Part I: Making a $15,000 feature film
We continue our talk with director Gregg Bishop.
So with The Other Side you had a feature film to your name. Tell us about how you played that calling card to get a producer for Dance of the Dead.
The movie premiered at the Slamdance Film Festival in Park City, Utah and was picked up for a theatrical release. Fox Studios picked up the TV rights where I’ve been developing the movie as a TV series. The great producer Ehud Bleiberg of Bleiberg Entertainment (a foreign sales agency and production company) saw the film and approached me after the screening and told me he wanted two things: He wanted to rep the movie for foreign sales and he wanted to make my next movie.

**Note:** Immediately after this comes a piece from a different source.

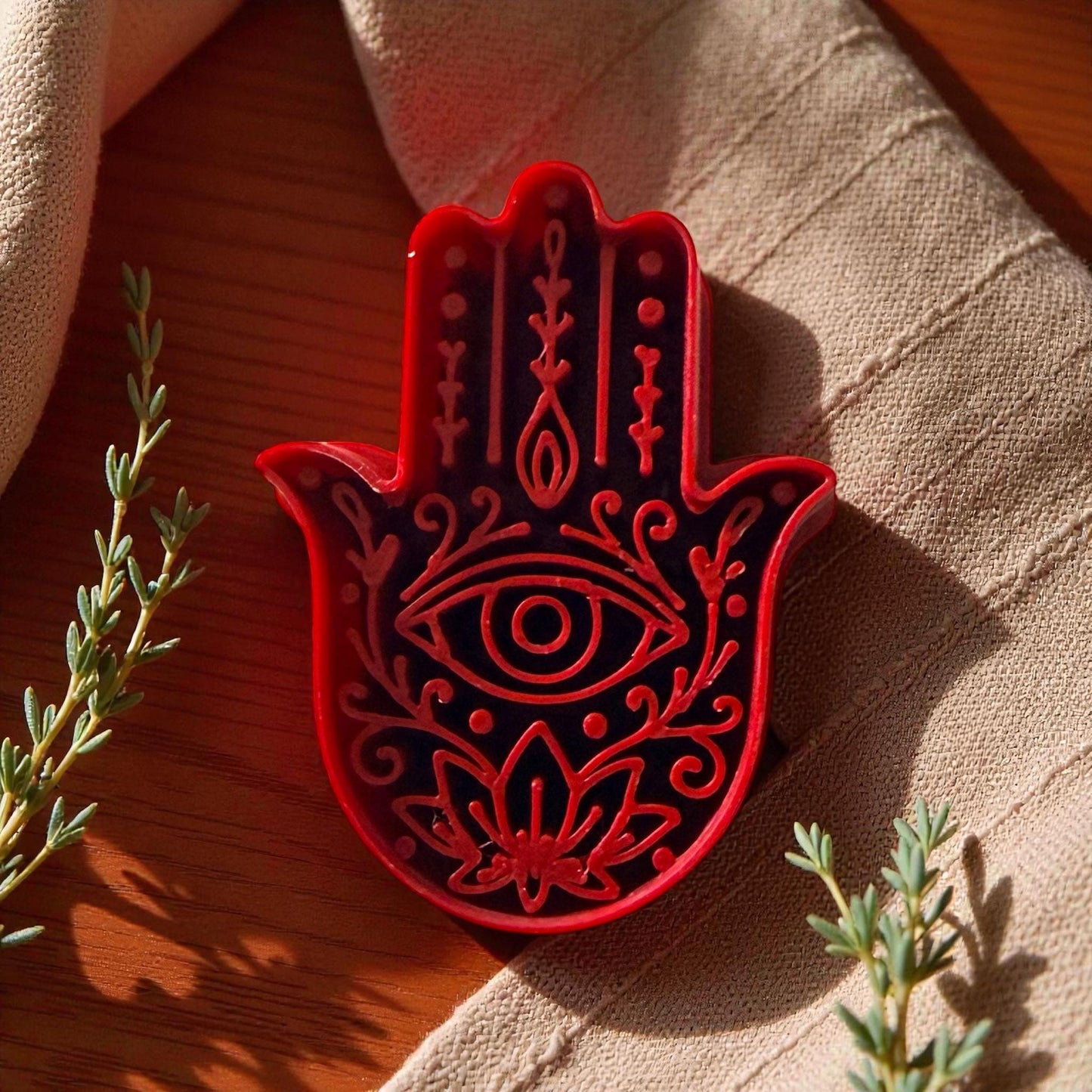 Red Hamsa Hand polymer clay cutter with evil eye design on beige fabric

And again, just so we all understand how long it takes to get a project off the ground, how much time are we talking about between you deciding "I want to make Dance of the Dead" and the commencement of production?
I had been trying to get DANCE OF THE DEAD off the ground for 10 years. But after Bleiberg saw THE OTHER SIDE, he literally greenlit it in about 10 seconds.

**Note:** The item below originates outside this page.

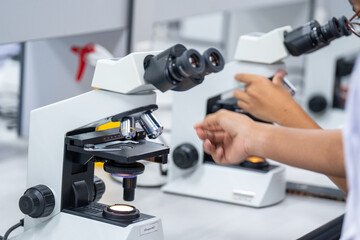 A person is using a microscope with a red and white background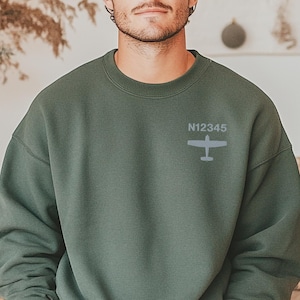 Può includere: Felpa girocollo verde militare con una piccola grafica di aereo e la scritta "N12345". La felpa è di colore pieno e ha una vestibilità rilassata. L'immagine mostra anche una persona che indossa la felpa.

Was there any difference in directing your own script versus someone else's?
I’m a huge fan of Joe’s writing so it was actually a lot easier.
I like that you cast kids who were fairly close to high school age, as opposed to mid-twenties like in most Hollywood films. Was actor inexperience at all a concern when you made this decision, or were you convinced that since the characters are all archetypes that you'd find actors capable of giving you what you wanted?

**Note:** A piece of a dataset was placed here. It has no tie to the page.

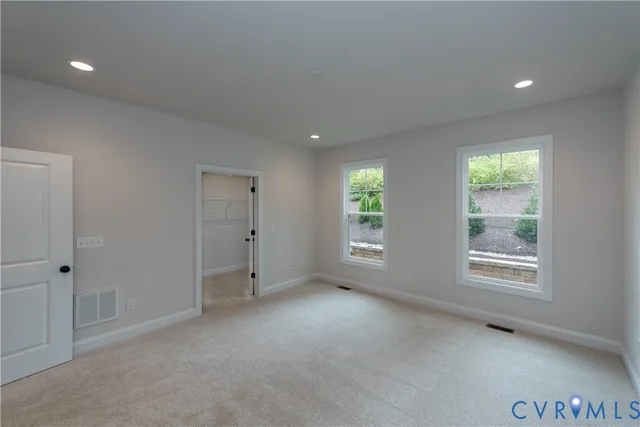 an empty room with windows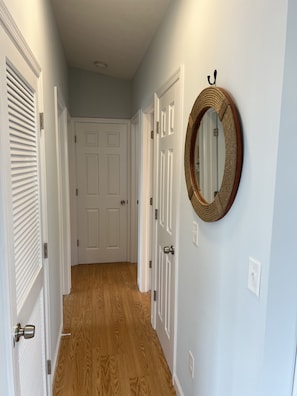 Hallway to 3 bedrooms and bathroom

Ask any director: 80% of a director’s job is in who they cast. I told our casting director, Jonathan Spencer, that I wanted to cast REAL kids playing their age, not 25-year-olds playing high-school kids, because that never looks right. I wanted to find kids who were great at improv and that could really bring their personalities to the role. Between LA and Atlanta, we looked at 600 kids and pulled the best of the best. I am very proud of that cast.
Presumably you had more money on Dance of the Dead. Did that allow you to relax a bit, or was the scope of this so much more challenging that it was like a whole new learning curve? Or was it more like, "I squeezed blood from a stone to make the last one work, this is old hat!"
Mo money, mo problems. The only difference this time was that DANCE OF THE DEAD actually had a budget and a crew, which was fantastic, but it presented a new set of challenges. I learned a lot from THE OTHER SIDE because along with writing/directing, I was doing a lot of the jobs myself. One of my goals was to learn as much as I could from that movie, so I could apply that knowledge to future productions, which was definitely helpful making DANCE OF THE DEAD.
(check out the trailer for DANCE OF THE DEAD here.)
I've interviewed some filmmakers who've noted that the producers on their first films exerted their authority and (in their minds at least) compromised the quality of the final product. What was your relationship like with your producers?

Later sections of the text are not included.